Consider a change of strategy

In high streets all across the country, commercial and retail properties are lying vacant, and in some places have done so for years.  The death of high street businesses is not slowing down.  In this arid economic desert, even long-established retailers are shutting up shop. 

Recent changes to permitted development rights have made it much easier and hence attractive, to buy and convert these unwanted commercial premises into residential properties.  In many cases, these premises comprised shops on the ground floor and maybe two or three floors of accommodation above. 

Such properties give a sharp-eyed developer a wonderful opportunity to create a number of flats or apartments.  It is also feasible that such developments could be made progressively, with the income from one flat financing the completion of another.

In addition, commercial property is generally valued much lower than residential property, so a value uplift is included in the package.

Paul Elliott, Managing Director of Propp, the specialist finance comparison site said “We’re seeing clients pick up disused commercial property on highstreets to convert the upper floors into multiple flats. This is a great way to manage cash flow and grow your portfolio.”

What do rising buy-to-let mortgage rates mean for the future rental market?

Yes, we all know that buy-to-let mortgage rates are on the up and up.

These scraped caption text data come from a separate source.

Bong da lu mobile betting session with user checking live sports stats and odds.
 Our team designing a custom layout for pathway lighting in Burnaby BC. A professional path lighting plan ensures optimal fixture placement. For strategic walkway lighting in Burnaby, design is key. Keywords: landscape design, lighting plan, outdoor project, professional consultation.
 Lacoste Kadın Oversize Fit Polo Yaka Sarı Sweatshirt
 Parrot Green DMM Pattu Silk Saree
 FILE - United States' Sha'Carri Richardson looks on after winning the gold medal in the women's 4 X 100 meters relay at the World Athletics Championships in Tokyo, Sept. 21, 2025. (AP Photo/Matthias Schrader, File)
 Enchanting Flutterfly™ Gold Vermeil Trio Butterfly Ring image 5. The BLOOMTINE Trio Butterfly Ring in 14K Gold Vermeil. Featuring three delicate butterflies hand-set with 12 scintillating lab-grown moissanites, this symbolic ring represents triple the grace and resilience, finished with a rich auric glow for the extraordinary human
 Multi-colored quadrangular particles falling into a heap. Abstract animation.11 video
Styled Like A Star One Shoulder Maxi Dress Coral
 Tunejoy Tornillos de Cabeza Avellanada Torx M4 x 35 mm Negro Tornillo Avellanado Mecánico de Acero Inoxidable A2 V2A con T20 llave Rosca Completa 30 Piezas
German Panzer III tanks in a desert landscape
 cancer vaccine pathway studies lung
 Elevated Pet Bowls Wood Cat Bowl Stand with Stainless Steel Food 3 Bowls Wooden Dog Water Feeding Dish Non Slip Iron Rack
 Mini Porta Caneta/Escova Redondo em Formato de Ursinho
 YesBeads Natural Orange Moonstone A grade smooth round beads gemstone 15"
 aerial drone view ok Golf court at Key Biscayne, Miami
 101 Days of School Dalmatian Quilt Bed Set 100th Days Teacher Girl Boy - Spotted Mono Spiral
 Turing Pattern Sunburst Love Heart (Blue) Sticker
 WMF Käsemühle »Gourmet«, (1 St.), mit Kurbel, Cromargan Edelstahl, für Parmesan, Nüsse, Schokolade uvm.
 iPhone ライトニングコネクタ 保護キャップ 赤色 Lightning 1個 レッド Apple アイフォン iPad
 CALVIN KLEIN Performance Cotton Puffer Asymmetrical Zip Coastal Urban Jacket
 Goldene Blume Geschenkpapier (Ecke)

And the rise in costs has to be absorbed by landlords, but the knock-on effects on the market do offer a golden opportunity.

As the shortage of available rental properties becomes more acute, rents will only be driven higher allowing landlords who stay in the market to increase their returns.

And the higher rate environment prevents first-time buyers from getting a foot on the property ladder, allowing those markets as the majority simply can’t meet the affordability requirements, allowing those in a strong cash position to secure more properties.  This will enable them to fill the supply vacuum and thus initiate more tenancies while potential rental yields are at a high.

A recession and high-interest rates might just be the golden goose that landlords have been waiting for.